EXERCISE DATA:
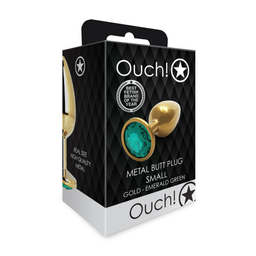 Ouch! by shots Ronde Edelsteen Butt Plug - Klein - Goud/Emerald Groen (8714273533685)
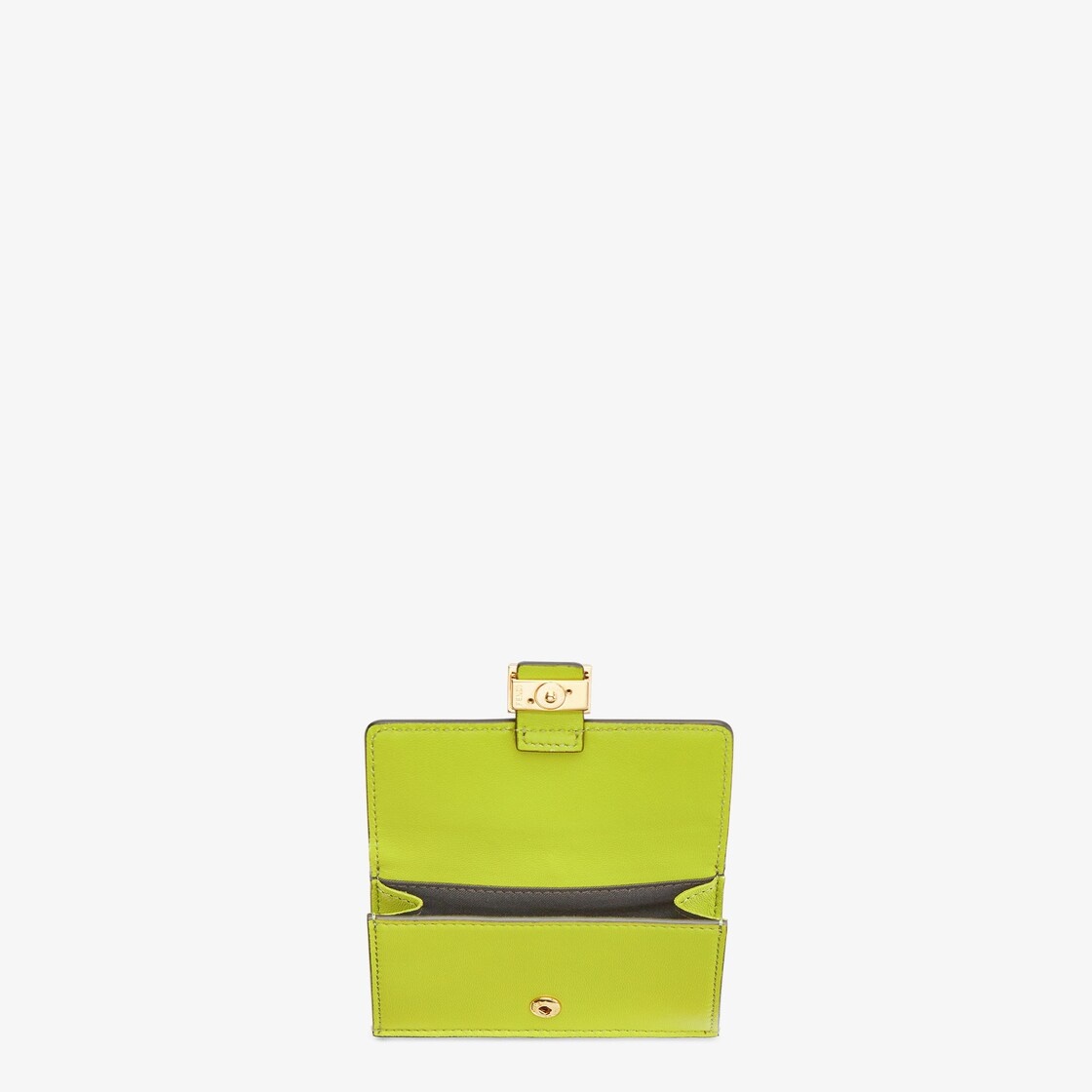 Baguette cardholder with three card slots and coin pocket with snap. Made of acid green nappa leathe - 3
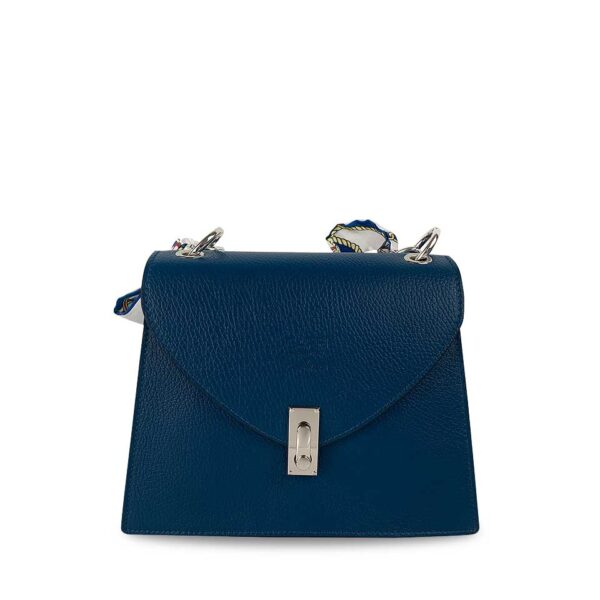 Borsa Blue Navy con catena e foulard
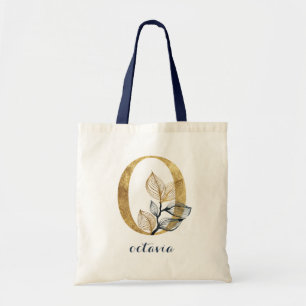 Floral Blue Gold Leaf Plant Monogram Letter "O" Tote Bag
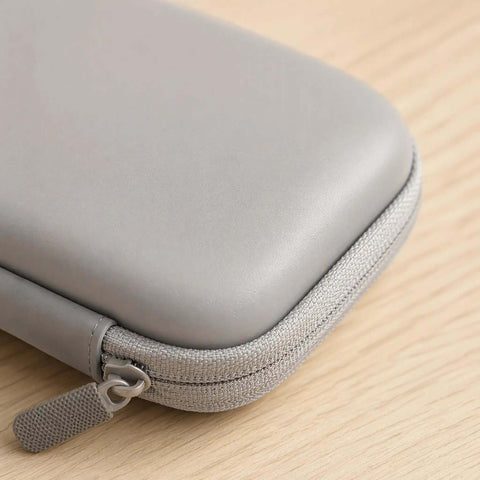 Rugged Eva Hard Shell Cable Organizer No More Gnarly Tangles Street Smart Tech Gear Pouch For Chargers Adapters And Electronics, gray zippered case detail.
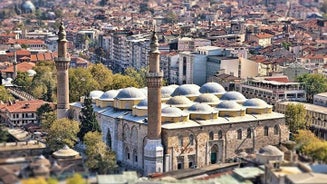 road landscape in the city. Turkey travel in summer. Highway view in beautiful city. Car driving on the road in city. Travel view in asian cities. Highway landscape in summer. Bursa, Turkey.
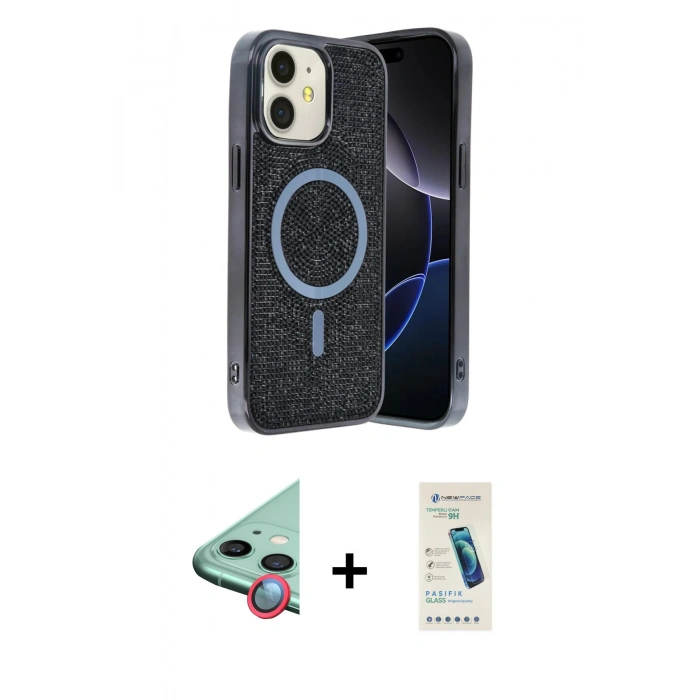 MARSİLYAN™- iPhone 11 Kılıf Eksen Çizgi - Şeffaf Pasifik Cam Ekran Koruyucu + Raze Metal Kamera Lens - KI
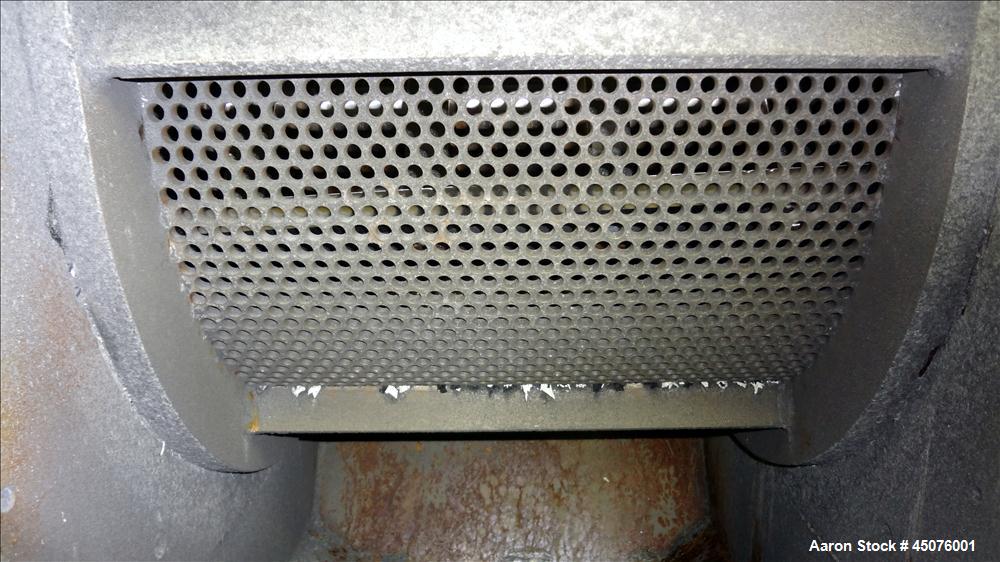 Used Cumberland Granulator, Model 484-3KN. Approximate 16" x 14" feed opening with tilt back pelican hopper. 3 Bolt on blade open rotor, set up for blower bottom discharge. Driven by a 15hp, 3/60/208...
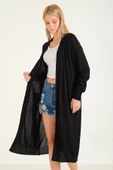 Kadın Oversize Cepli Uzun Hırka Siyah - 1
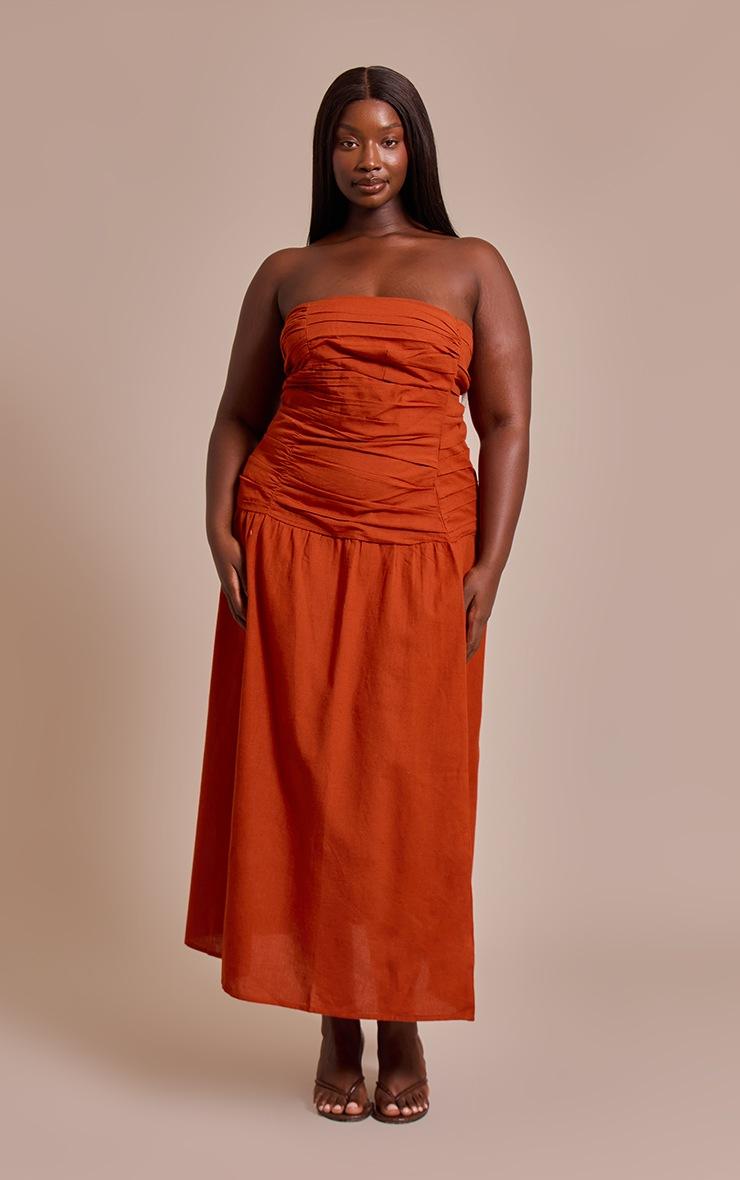 Pretty Little Thing Plus Rust Trim Detail Ruched Maxi Dress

TASK REQUIREMENTS:
Look above for the line with "MARSİLYAN™- iPhone 11" and the line with "Used Cumberland Granulator, Model", then copy exactly the lines from the first through the second, both kept, with no pictures.

OUTPUT OF THE EXERCISE:
 MARSİLYAN™- iPhone 11 Kılıf Eksen Çizgi - Şeffaf Pasifik Cam Ekran Koruyucu + Raze Metal Kamera Lens - KI
 Used Cumberland Granulator, Model 484-3KN. Approximate 16" x 14" feed opening with tilt back pelican hopper. 3 Bolt on blade open rotor, set up for blower bottom discharge. Driven by a 15hp, 3/60/208...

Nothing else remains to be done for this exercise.